For many cooks, making a quiche is a big deal. That’s not the way it’s seen in France, where it’s considered a simple, everyday dish. Really!
“Nothing fancy; I’m just making a quiche,” is the way a friend will issue a casual dinner or lunch invite. Often there will be more than one kind. The friend never seems to have broken a sweat.
That’s why when we set out to develop a recipe for quintessential quiche Lorraine, we wanted to keep things quick and simple as possible.
And we did! Our Quintessential Quiche Lorraine can be accomplished with less than an hour of active work — and that includes prep, making the crust, and cleaning up, which I’m able to nearly finish just as the filled quiche is going into the oven. While the quiche bakes (35 to 45 minutes) and rests 10 minutes or so, you can make a simple green salad, and voilà — a fabulous dinner or brunch.
How simple did I want to go? Not as simple as what I did a hundred years ago when I was learning to cook: Buy a pre-made crust and fill it with scrambled eggs and grated jack and cheddar and call it a day. But it had to be decidedly simpler than the majestic, lofty, ethereal version Thomas Keller offered in his 2004 Bouchon cookbook.
Here’s the way Keller described the ideal quiche:
“A great quiche has a rich, flaky crust and a custard about two inches deep. When it is sliced, the edges should be clean, and the exposed custard should have a smooth, almost liquid sheen. When it arrives hot, it should tremble as if were on the verge of collapse. It maintains its form—just—but you can see what’s going to happen when you take a bite. It collapses on the plate, molten, spreading out luxuriously.”
So what was quiche Lorraine originally supposed to be like, back when it was invented? Unlike moussaka, or butter chicken, there is no charming origin story attached to quiche Lorraine. Or at least I was unable to turn one up. In fact, I was able to find little reliable information about its history.
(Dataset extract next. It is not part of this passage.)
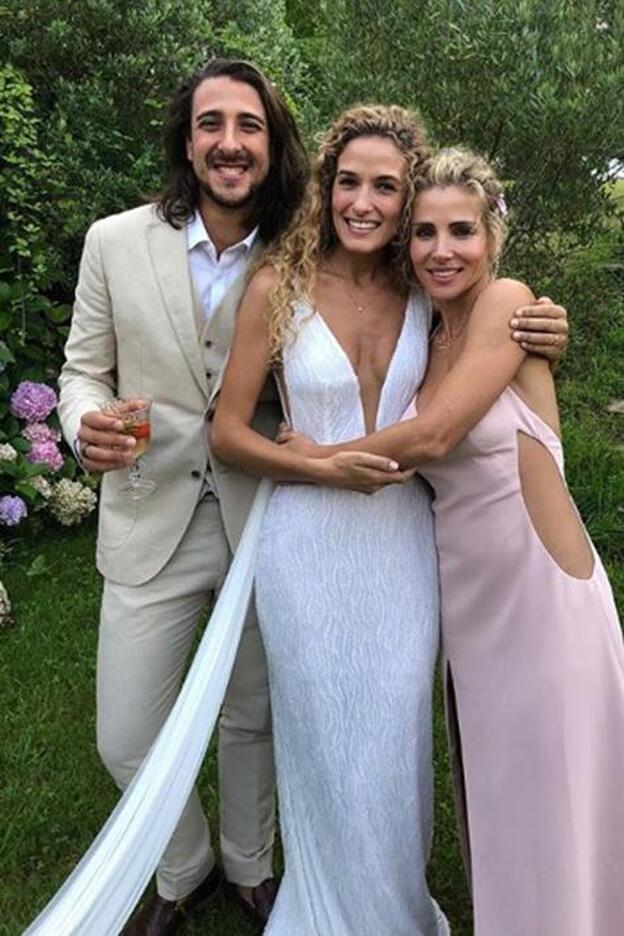 Cristian, Silvia y Elsa Pataky durante el enlace./INSTAGRAM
Larousse Gastronomique, generally accepted to be the authoritative encyclopedia of French cuisine, says that quiches in general originated in Lorraine in the 16th century, and it defines quiche as “an open tart filled with a mixture of beaten eggs, crème fraîche and pieces of bacon, served hot as a first course or hors d’oeuvre.” It points out that the word quiche derives from the German Küchen, meaning “cake.” In Nancy, the former capital of the Lorraine region, its local name is “féouse.” Originally it had a bread-dough crust.
So if once upon a time a quiche Lorraine’s filling was just eggs, crème fraîche and bacon, what is it today? It can be a few things. At its most essential, it is still just that: eggs, cream and bacon. More often there are also onions, which happen to go beautifully with the bacon. And also quite often, there is cheese.
Where did the onions come from? The entry for Quiche lorraine on Wikipedia France has a helpful clue, citing Guy Cabourdin, author of Everyday Life in Lorraine in the 17th and 18th Centuries (Éditions Hachette, 1984). Cabourdin, according to the entry, points to a kinship between the original quiche and tarte flambée — the famous onion-and-bacon tart of Alsace, Lorraine’s neighbor. So perhaps we don’t have to wonder too hard where those onions came from.
When I started developing this recipe, I naïvely assumed there was supposed to be cheese in a quiche Lorraine. Keller put both onions and cheese (Comté or Emmenthaler) in the Quiche Lorraine recipe in Bouchon. But once I dove into the history a bit — and saw that Julia Child did not use cheese, I thought I’d try it without. (Julia also does without onions.)